To be an attractive specialty, a country should have many different things. The stamp issues should be well designed and have a strict postal purpose and not be designed for collectors. The Goldilocks’ theory should be in play: there should not be too many stamps issued, and there should not be too few stamps issued—rather, it should be just right. The stamps have to lend themselves to specialization by issue, and there have to be detailed catalogs to let collectors know what is available and what is needed. And the stamps have to be affordable.

Probably the country that meets all of these criteria best is Denmark. There is only one stamp that sells for more than a thousand dollars and few that are more than a hundred. The whole country can be had for well under $5,000, which for a collecting specialty that could last a lifetime is pretty reasonable. And each of the classic issues lends itself to intense specialty on its own should you so desire. You can collect cancellations (and the Danes kindly used numerals in rings as cancellations on their early stamps, with each number referencing the town from which the canceller was used—#1 for Copenhagen, and so on) to make cancellation collecting easy and fun. On the late nineteenth century Post Horn issues, there are watermark and frame and color and plate varieties galore, and almost none of them are very expensive, even if they are hard to find.
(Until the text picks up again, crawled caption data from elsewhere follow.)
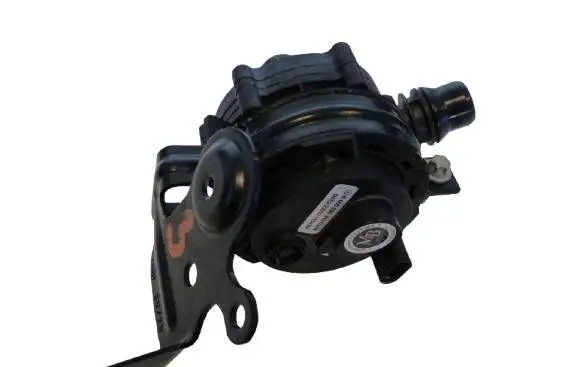 Mercedes-Benz E W214 Water pump A0005003101 A2548300901 A2548302601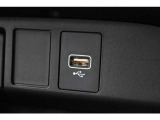 USBジャックも搭載。車内で音楽再生だけではなくスマートフォン等の機器へ充電可能です♪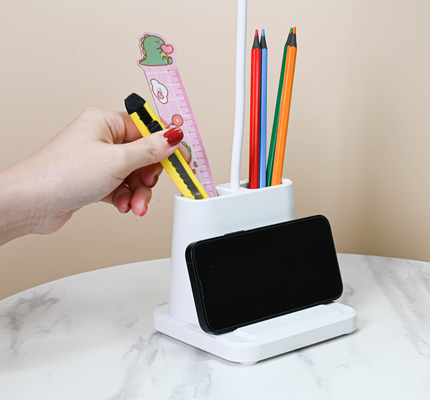 Lâmpada de mesa de quarto moderna com braço ajustável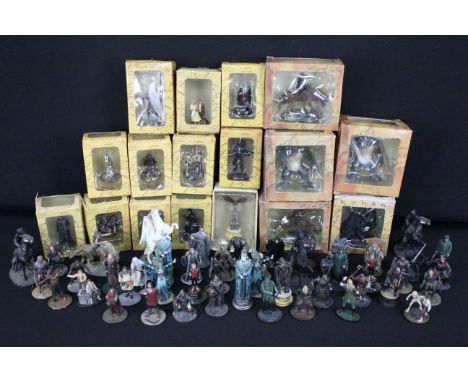 Collection of Eaglemoss Lord Of The Rings metal figures to include various unboxed examples and 17 x boxed examples, all in v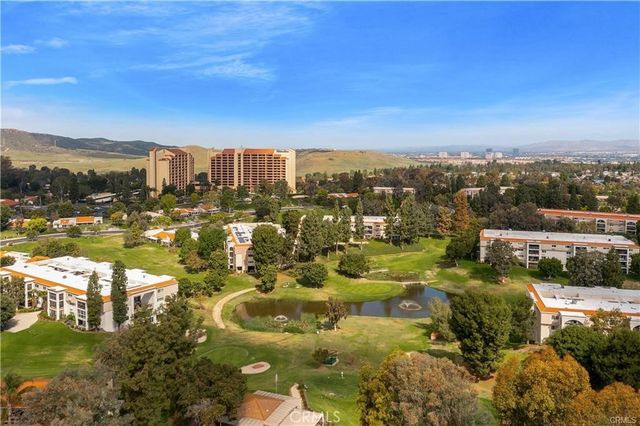 2183 E Via Mariposa B, Laguna Woods, CA 92637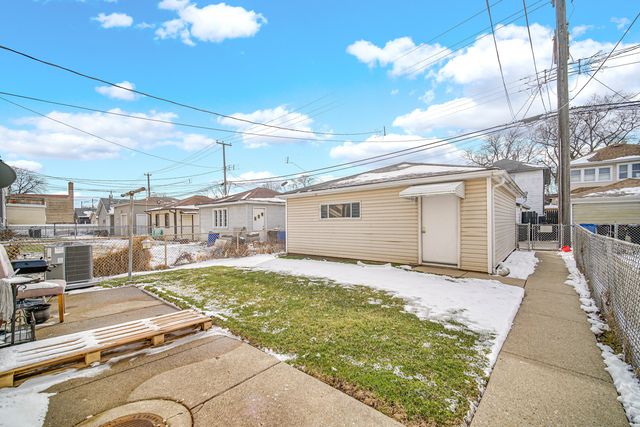 5728 N McVicker Avenue, Chicago, IL 60646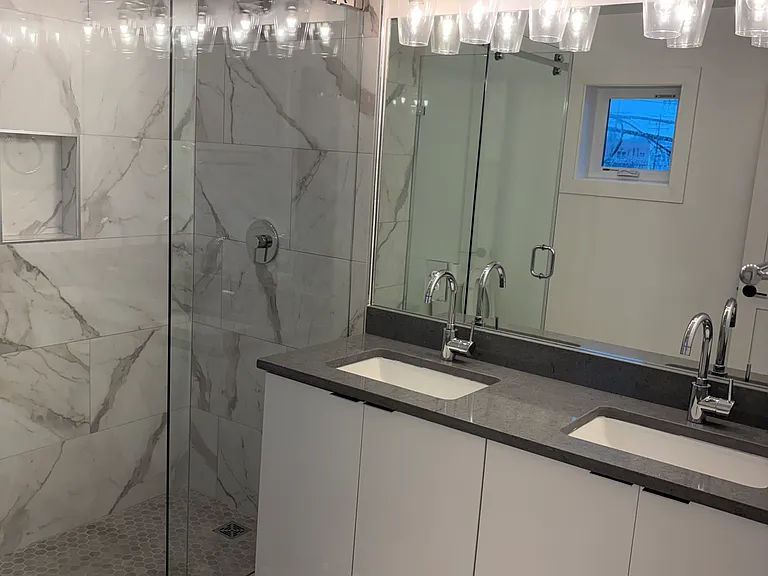1722 W Virginia Ave NE #2 — Photo 4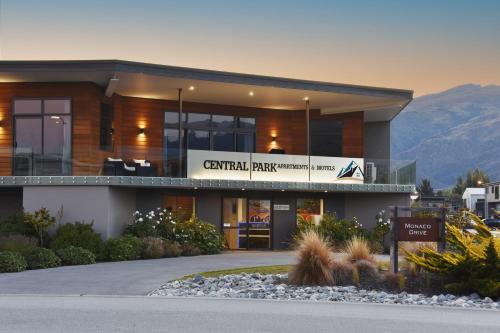 Lowburn Apartment | Central Park Apartments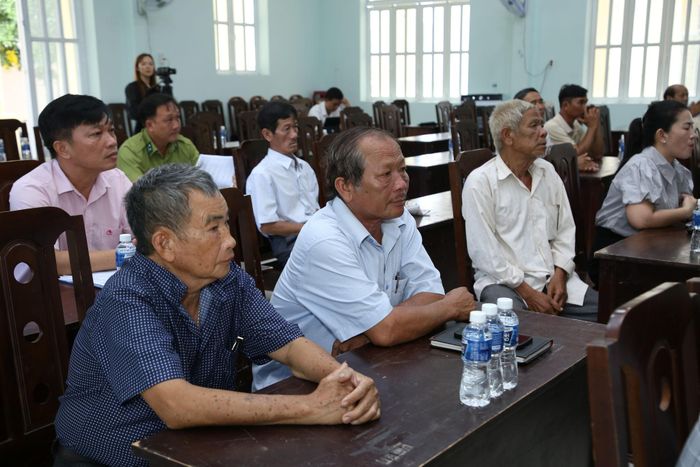 Cử tri xã Vĩnh Hảo tham dự hội nghị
And the twentieth century (and later) stamps are among the most beautifully designed and executed engravings that the hobby has to offer. If this wasn’t enough, Denmark never joined the Euro and isn’t in the habit of demonetizing their mint newer issues, so collectors who collect modern Danish stamps always have a postage basis for their stamps, so they have retained much of their value.

So if you are considering a new philatelic specialty, take a careful look at the stamps of Denmark.